About this exercise: The material below has pictures in it. Set down only the lines from the line containing "That's the end" through the line containing "Feel free to", word for word, and leave the pictures behind.

Record extracts:

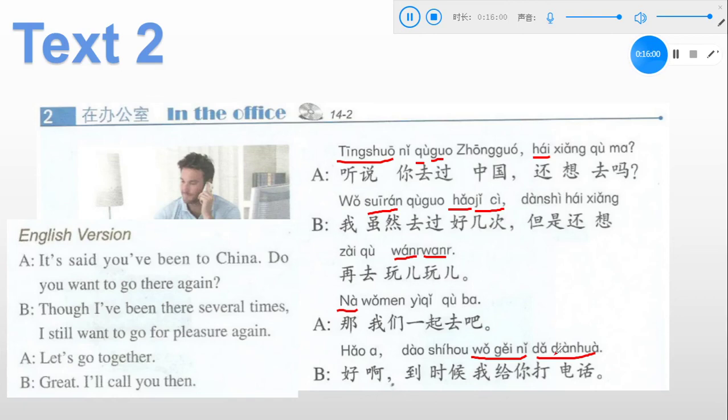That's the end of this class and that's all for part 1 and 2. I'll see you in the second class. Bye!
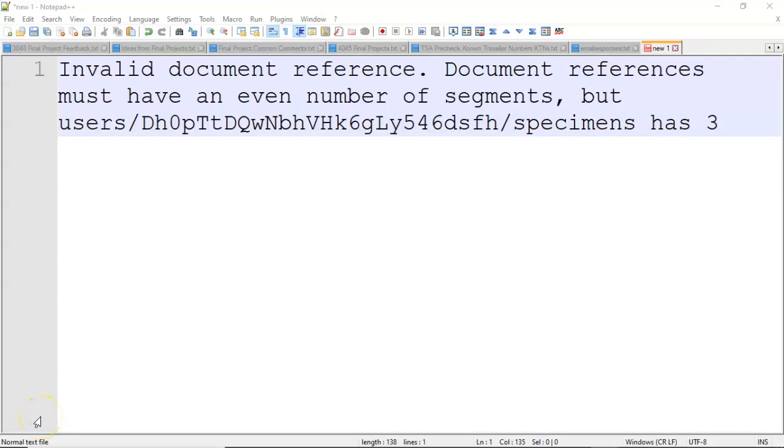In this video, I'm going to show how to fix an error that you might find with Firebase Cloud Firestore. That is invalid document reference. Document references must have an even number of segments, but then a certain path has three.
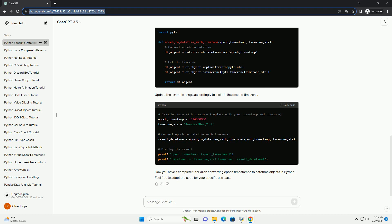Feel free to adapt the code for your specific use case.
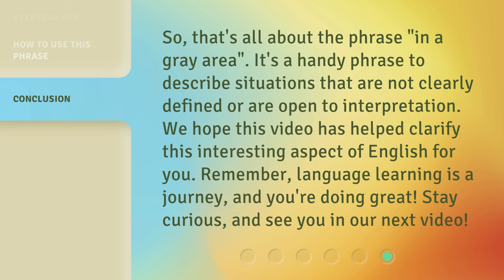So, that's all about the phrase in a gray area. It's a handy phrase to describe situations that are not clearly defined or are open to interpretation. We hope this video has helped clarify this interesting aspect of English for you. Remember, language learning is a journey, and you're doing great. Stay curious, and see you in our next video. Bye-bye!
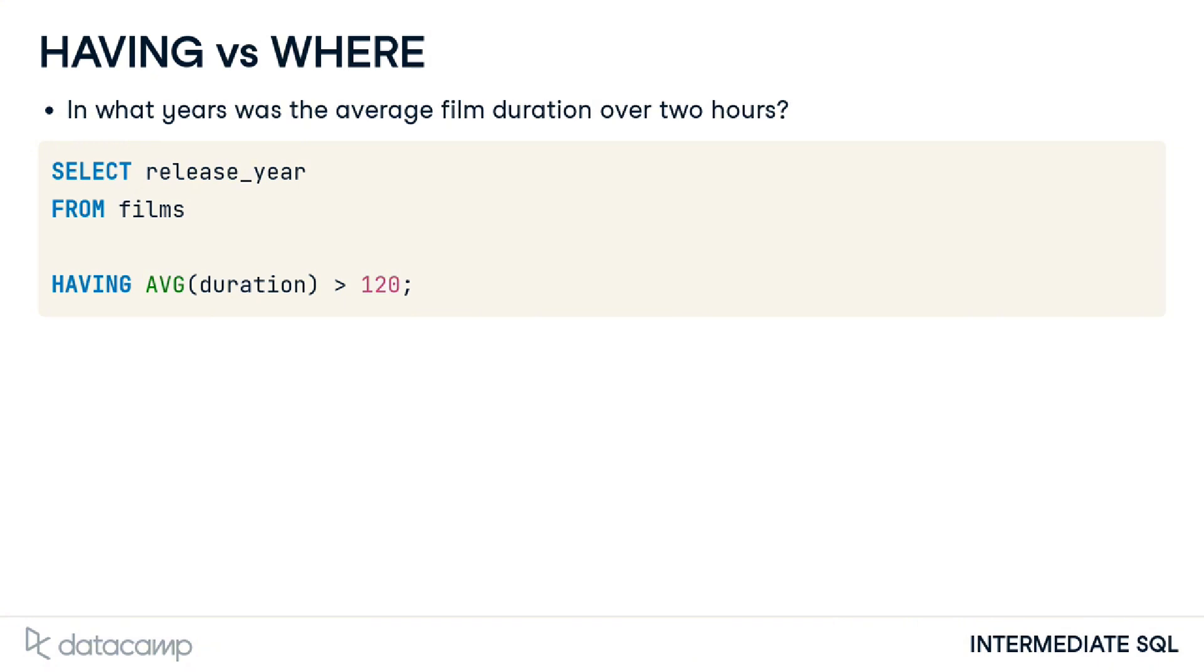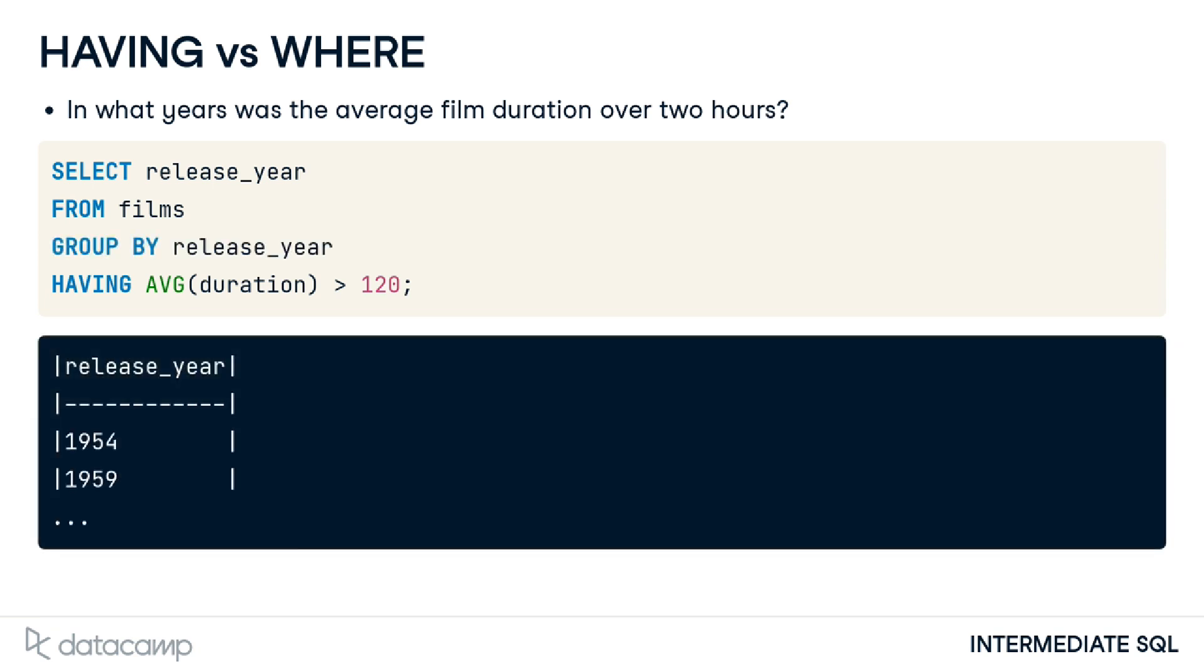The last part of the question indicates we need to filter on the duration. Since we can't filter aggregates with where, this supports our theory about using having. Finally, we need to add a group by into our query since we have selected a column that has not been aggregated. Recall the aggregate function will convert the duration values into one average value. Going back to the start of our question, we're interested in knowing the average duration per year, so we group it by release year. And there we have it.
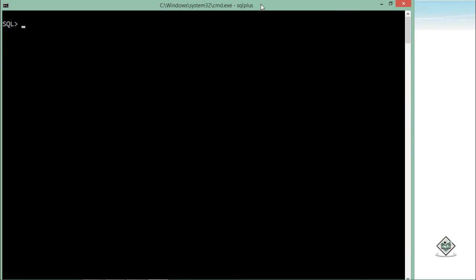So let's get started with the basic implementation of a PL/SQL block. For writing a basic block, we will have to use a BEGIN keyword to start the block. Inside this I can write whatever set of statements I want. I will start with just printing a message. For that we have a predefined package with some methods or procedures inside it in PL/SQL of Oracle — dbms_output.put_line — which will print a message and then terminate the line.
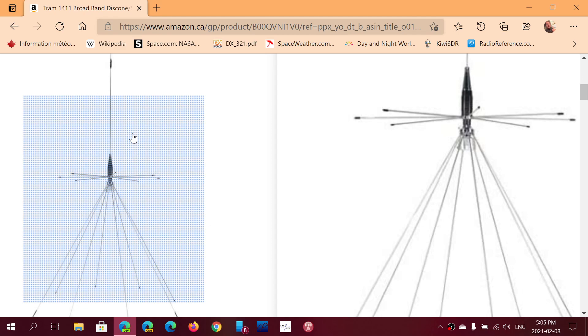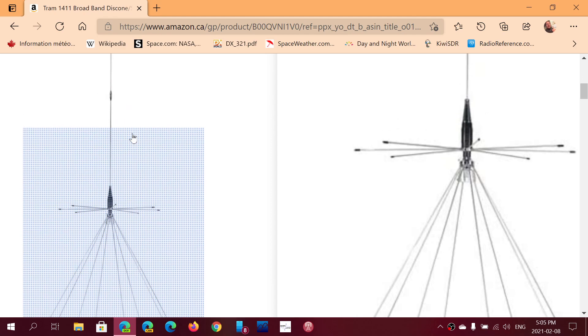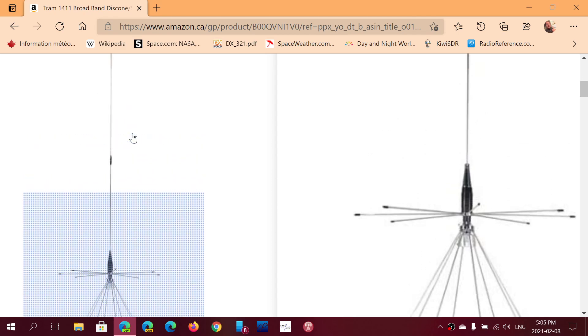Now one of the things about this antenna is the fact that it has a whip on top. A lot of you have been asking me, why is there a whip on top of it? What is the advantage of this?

--

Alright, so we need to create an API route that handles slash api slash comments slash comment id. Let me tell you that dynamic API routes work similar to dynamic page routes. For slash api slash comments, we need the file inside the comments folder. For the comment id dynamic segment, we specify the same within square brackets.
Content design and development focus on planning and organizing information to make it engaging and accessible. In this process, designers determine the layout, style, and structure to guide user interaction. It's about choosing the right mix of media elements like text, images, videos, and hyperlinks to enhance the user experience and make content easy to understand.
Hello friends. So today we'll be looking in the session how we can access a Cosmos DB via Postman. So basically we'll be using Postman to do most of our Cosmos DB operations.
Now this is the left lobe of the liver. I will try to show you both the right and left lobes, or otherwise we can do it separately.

Solution to the exercise:
That's the end of this class and that's all for part 1 and 2. I'll see you in the second class. Bye!
In this video, I'm going to show how to fix an error that you might find with Firebase Cloud Firestore. That is invalid document reference. Document references must have an even number of segments, but then a certain path has three.
Feel free to adapt the code for your specific use case.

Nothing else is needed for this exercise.